Suppose that I have a function
double f(vector <double> &x) {
// do something with x
return answer;
}
Mathematically, f
is a continuous function with respect to each component of x
. Now I want to evaluate the numerical gradient of x
. There are two methods as follows
Method 1.
double DELTA = 1e-5;
double y1 = f(x);
vector <double> gradX(x.size());
for (int i = 0; i < x.size(); ++i) {
x[i] += DELTA;
double y2 = f(x);
gradX[i] = (y2 - y1) / DELTA;
x[i] -= DELTA;
}
Method 2.
double DELTA = 1e-5;
vector <double> gradX(x.size());
for (int i = 0; i < x.size(); ++i) {
x[i] += DELTA;
double y2 = f(x);
x[i] -= 2.0 * DELTA;
double y1 = f(x);
gradX[i] = (y2 - y1) / (2.0 * DELTA);
x[i] += DELTA;
}
I am observing that Method 1 gives very unreasonable numbers (ones with 6 digits), while Method 2 gives more reasonable ones.
Is there any reason that Method 2 is a better one? Should it always be preferred?
Thanks.
Edit: For a little more context. These implementations are done in C, with some uses of CUDA kernels.
It is an expected result, as the method-1 is first order accurate (forward difference), while the method-2 is second order accurate method (central difference).

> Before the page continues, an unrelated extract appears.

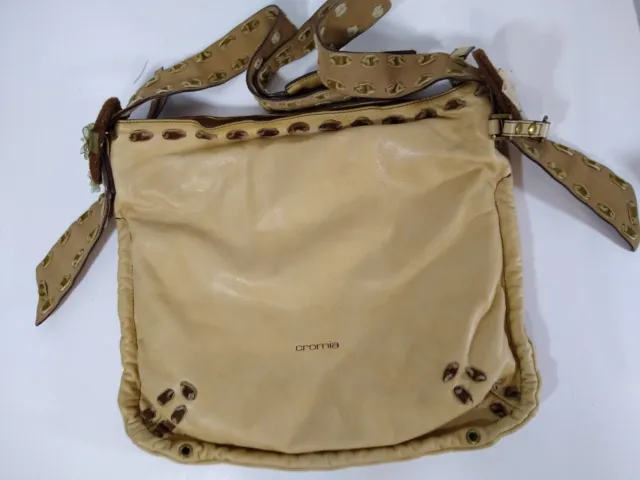 Cromia Buttery Soft Leather shoulder bag Hobo Boho Cottagecore large  Brown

This can be easily proved using the Taylor's series. For further information you may read any book on finite difference methods.

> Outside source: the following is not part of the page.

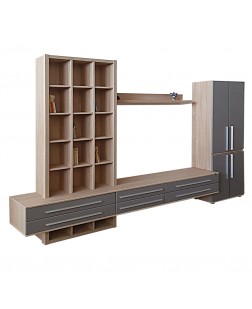 Living Zaragoza, pal stejar sonoma /gri , 2880 x 450 x 2120 mm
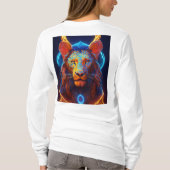 Retro-futuristische geometrische leeuw T-shirt ont (Achterkant)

To get similar accuracy for first order method, you have to use smaller DELTA for the first order method compared to the second order method.
As it is clear from your implementation that method-2 is more costly, (evaluating f1 and f2 for every x), it would be beneficial to use method-1 with smaller DELTA. However, if accuracy is of more concern, then you may use method-2 with smaller DELTA.